Walking With A Light Step
giving condemnation the slip
Around September I began noticing the slight tightening in the chest and the need to take some deep breaths as the white-water-rapid months approached. I love October and the entrance of fall, of mini-sessions, getting to see family in other states and the wonderful festivity of the holiday months. But coming to the end of pregnancy and needing the brain and physical energy to travel, accomplish the home - tasks before baby and wanting to make all the holiday memories magical began setting a high bar for what I’ve expected. Add to that the dose of acute awareness that comes from being raised as a preacher’s kid in the South - the awareness that there are needs all around you. From your immediate neighbors and neighborhood friends who may need a meal, to the families 45 minutes away who just experienced loss and more than anything probably need their bathroom cleaned and laundry done, to one’s church family, then immediate family, extended family and friends beyond that - I began spinning in my mind. How to reach everyone? How to do school and cooking, and all that needs to be done - plus anything extra? I’ve found myself asking, “what am I missing? How much is enough? What if I’m missing something important for someone that I need to be doing? What should a woman of 36 be good at doing by now? How am I falling short?” And as many things as I could think of to do or improve, there are always more. In my mind, this means, “there’s more required of me”.
JB laughed when I explained this to him a while back. I was telling him this in answer to his encouraging me to begin closing in the borders of what I’m saying yes to as I enter the third trimester. He’s a good man. He reminds me to prepare my body for birth, not just by exercising and eating well, but resting enough. He gives me permission to say no, which I don’t even realize I need until he’s advised me to say no to something, and I don’t feel like I can, even when I want to. “It sounds like all of this is leading to a heavy heart and an enormous checklist,” he told me. “It’s a form of legalism, really. To constantly wonder, ‘What is enough?’ Is sort of like saying, ‘what must I do to be saved?’ And once he said it, I knew he was right, by jove. “Remember, Jesus came to allow us to have a light step here. He’s not beating you up over the list of expectations. He didn’t design you to live to fulfill others’ expectations for you; that would be an impossibly heavy burden - and a moving target because those expectations would always be shifting. The list of things you actually need to do is far smaller than you are thinking.”

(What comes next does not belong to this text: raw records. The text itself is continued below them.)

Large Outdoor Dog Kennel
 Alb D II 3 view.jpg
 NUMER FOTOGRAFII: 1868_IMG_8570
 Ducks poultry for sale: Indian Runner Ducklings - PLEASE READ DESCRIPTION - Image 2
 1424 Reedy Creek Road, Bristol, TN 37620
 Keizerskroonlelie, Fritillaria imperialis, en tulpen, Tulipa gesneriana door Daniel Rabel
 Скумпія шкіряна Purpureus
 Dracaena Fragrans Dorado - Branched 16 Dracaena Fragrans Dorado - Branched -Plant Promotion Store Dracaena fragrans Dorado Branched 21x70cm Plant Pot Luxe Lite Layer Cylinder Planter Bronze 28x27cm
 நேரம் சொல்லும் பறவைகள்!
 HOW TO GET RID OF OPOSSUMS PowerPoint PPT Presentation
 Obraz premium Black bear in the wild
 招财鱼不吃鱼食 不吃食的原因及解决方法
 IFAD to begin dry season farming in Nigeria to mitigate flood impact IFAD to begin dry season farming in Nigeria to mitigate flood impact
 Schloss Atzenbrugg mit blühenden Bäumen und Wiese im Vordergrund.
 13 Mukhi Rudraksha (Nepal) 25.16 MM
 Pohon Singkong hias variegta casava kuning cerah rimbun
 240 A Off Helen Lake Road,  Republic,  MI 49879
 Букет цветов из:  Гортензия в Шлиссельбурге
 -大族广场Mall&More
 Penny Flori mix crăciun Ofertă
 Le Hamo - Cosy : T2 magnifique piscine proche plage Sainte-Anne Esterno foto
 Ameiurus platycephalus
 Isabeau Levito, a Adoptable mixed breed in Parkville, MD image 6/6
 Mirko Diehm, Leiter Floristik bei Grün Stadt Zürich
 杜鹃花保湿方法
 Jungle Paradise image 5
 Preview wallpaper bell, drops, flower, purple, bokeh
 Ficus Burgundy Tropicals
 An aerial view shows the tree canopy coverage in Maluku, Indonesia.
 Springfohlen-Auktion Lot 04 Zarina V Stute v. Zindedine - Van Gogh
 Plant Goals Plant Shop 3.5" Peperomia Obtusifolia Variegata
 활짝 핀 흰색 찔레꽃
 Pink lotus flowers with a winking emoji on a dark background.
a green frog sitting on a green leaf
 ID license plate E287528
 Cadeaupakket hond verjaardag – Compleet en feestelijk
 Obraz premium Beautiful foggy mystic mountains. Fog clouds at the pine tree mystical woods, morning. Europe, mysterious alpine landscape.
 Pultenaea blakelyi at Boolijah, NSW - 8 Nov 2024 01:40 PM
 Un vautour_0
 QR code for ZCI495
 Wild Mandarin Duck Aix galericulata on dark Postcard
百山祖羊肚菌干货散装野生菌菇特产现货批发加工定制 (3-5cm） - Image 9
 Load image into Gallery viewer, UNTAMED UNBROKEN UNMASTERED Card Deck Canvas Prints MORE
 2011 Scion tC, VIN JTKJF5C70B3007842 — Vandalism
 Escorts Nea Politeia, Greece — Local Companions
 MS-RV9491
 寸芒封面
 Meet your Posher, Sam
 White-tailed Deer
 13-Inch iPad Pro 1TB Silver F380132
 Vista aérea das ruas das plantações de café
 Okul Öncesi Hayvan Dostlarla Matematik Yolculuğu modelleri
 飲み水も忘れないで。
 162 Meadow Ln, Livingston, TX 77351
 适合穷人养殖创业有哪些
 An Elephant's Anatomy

Which reminded me again of what Mama would say, that my first priorities are husband and children and church, then my immediate and extended family and the people where I live, beyond that. All else is a cherry on top. But there’s plenty to do in the sphere of where God has placed me. I forget that love is not always doing more, but having the ability to protect what lies closest within my borders, and being able to focus more, without guilt or second guessing the things right under my nose. In combat to that wave of nauseous fear and guilt of Not Doing Enough, this past week, I began saying aloud, as I would pick up Phin to give him a snack or cuddle, “You are in my realm to tend. I have perfect permission to take care of you.” Or in cooking, “I have permission to cook this meal without feeling guilty for not doing more for others.” Even if it sounds silly, it has been such a relief to recognize the things I’m called to, vs the vague heavy cloud of things I feel like I ought to be able to do. It’s a horrible feeling to disappoint (and in some cases hurt) people who expect more from you than you can give. But the freedom comes in knowing Jesus is truly enough, and He can take care of others’ lack, even when you cannot.
But that’s part of the enemy’s tactic. To simply laden you down with condemnation however he can, when the truth is, even when there’s something we need to actually repent over (and there is, each and every day), He accepts our confession, and cleanses us. He’s not disappointed and measuring us by the legalistic stick we enjoy beating ourselves up with. He tells us clearly, “There is therefore now, No Condemnation to them which are in Christ Jesus.” And honestly, it’s just more easy for our flesh to continue wallowing in guilt than it is to reach up in faith and believe exactly that: I am not condemned. I am justified in the sight of God. He covers each and every oversight, mistake, shortcoming and deliberate sin.
If that is not reason to live in hope and walk with a Light Step, I don’t know what is. Thank you, Lord, for your unspeakable gift.